Das wird eine harte Landung. Man spricht nicht ganz grundlos vom „Failed State Berlin“.
Trotzdem natürlich eine sehr, sehr wertvolle Initiative.
Hallo Sternburg,
ich schreibe hier auch als jemand, der dieses Initiative mitinitiiert hat: Die Berliner Verwaltung ist ein dickes Brett, da besteht kein Zweifel. Aber Volksentscheide sind in den letzten Jahren in Berlin eine Erfolgsgeschichte gewesen. Im kommenden Jahr sind Wahlen in Berlin, und wir bringen sehr viel Druck auf dieses Thema.

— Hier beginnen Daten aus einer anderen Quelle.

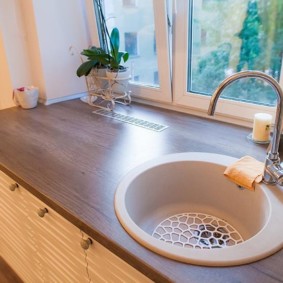 cocina con fregadero junto a la ventana opciones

Zur aktuellen Entwicklung: Nach unserer Veröffentlichung wurden wir überschwemmt mit Zuschriften von Helferinnen und Helfern, viele Jurist*innen waren darunter, aber auch Angebote aus allen Bevölkerungs- und Altersschichten. Die Zustimmung in den Zuschriften lag bei 95%. Wir gehen mit diesem Rückenwind alle weiteren Schritte und freuen uns natürlich nach wie vor über jede Art von Unterstützung und über kritisch-wohlwollende Begleitung aus der Szene.